Exercise instructions: Everything in the records must be copied exactly, apart from the pictures.

Extracted data:
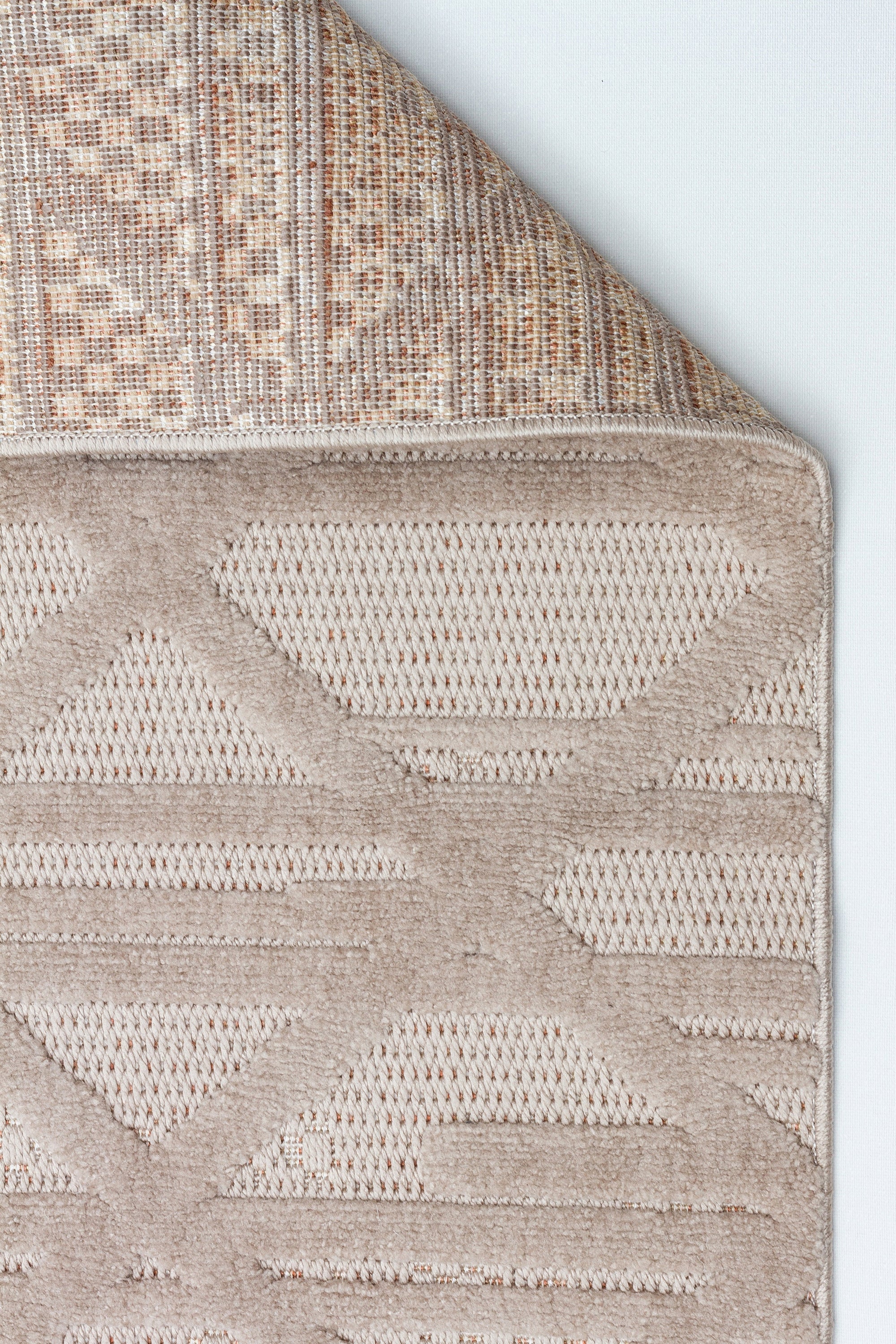 MİLAS C9-VİZON Kabartmalı Modern Geometrik Desenli Salon Koridor Mutfak Halısı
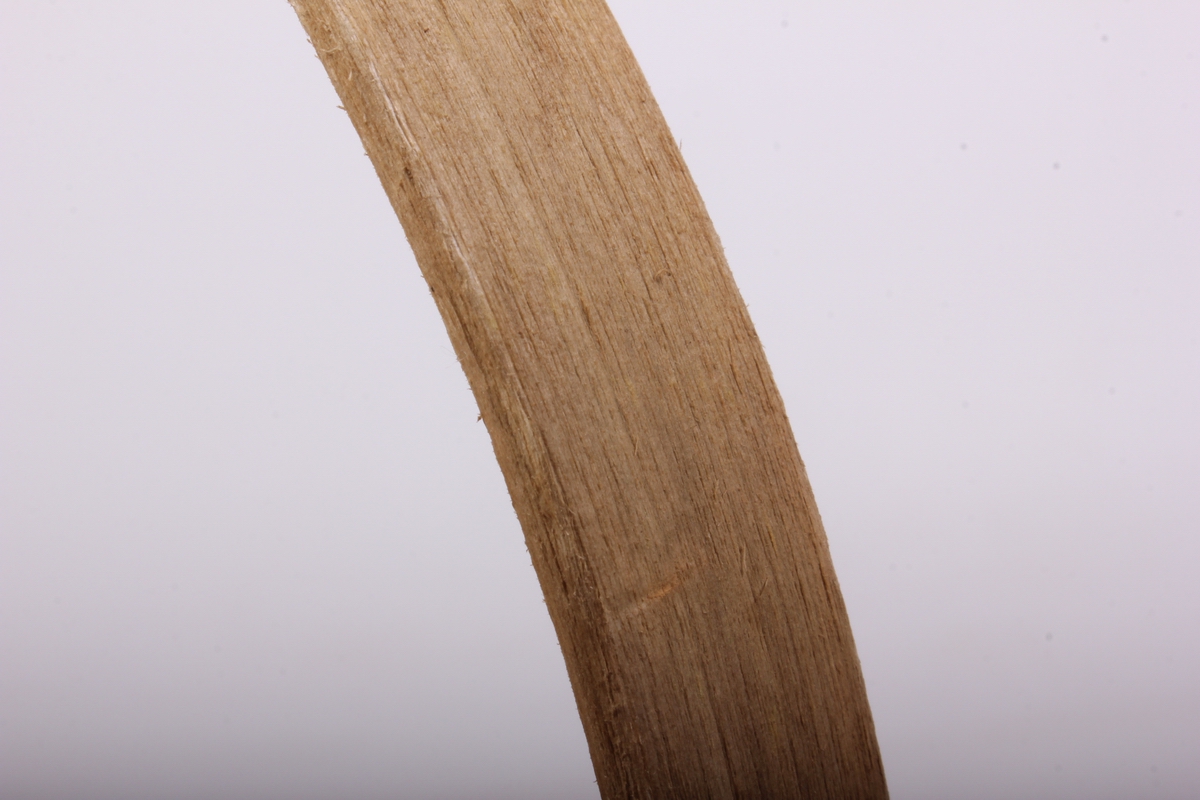 Корзина плетеная (секвойя) d=24 h=17/36cm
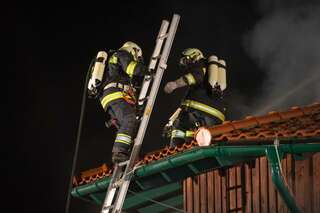 Alarmstufe zwei bei Wohnhausbrand in Altenberg bei Linz 20131009-5421.jpg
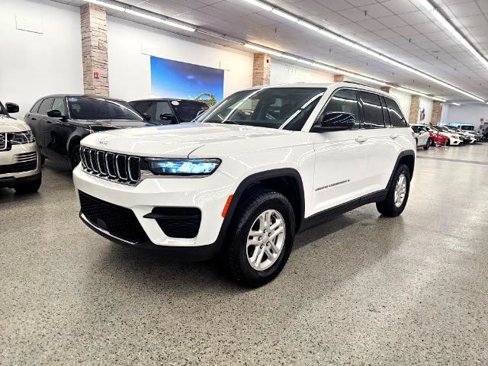 Used 2023 Jeep Grand Cherokee Laredo w/ Luxury Tech Group I image 1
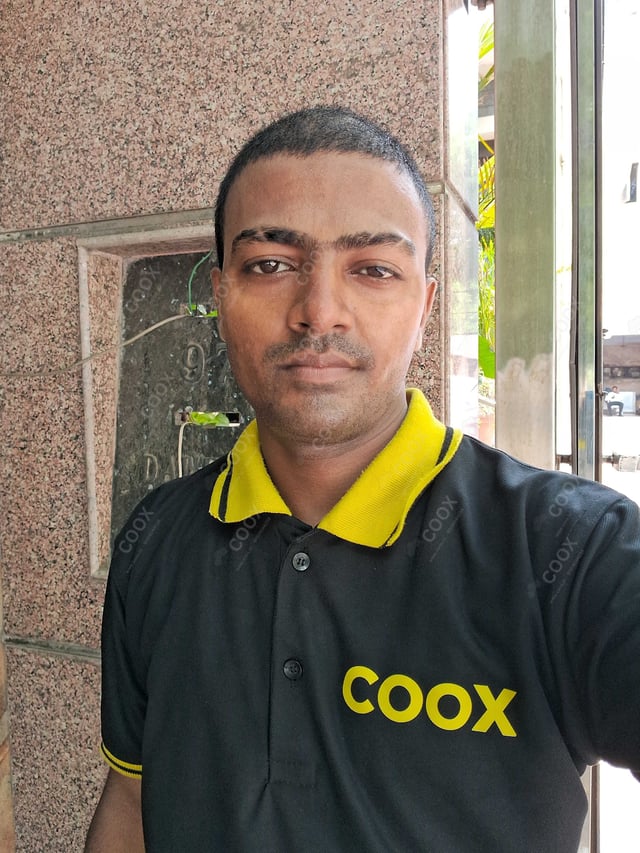 Chef from COOX at bookings. Professional cooks chefs at home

Written response:
 MİLAS C9-VİZON Kabartmalı Modern Geometrik Desenli Salon Koridor Mutfak Halısı
 Корзина плетеная (секвойя) d=24 h=17/36cm
 Alarmstufe zwei bei Wohnhausbrand in Altenberg bei Linz 20131009-5421.jpg
 Used 2023 Jeep Grand Cherokee Laredo w/ Luxury Tech Group I image 1
 Chef from COOX at bookings. Professional cooks chefs at home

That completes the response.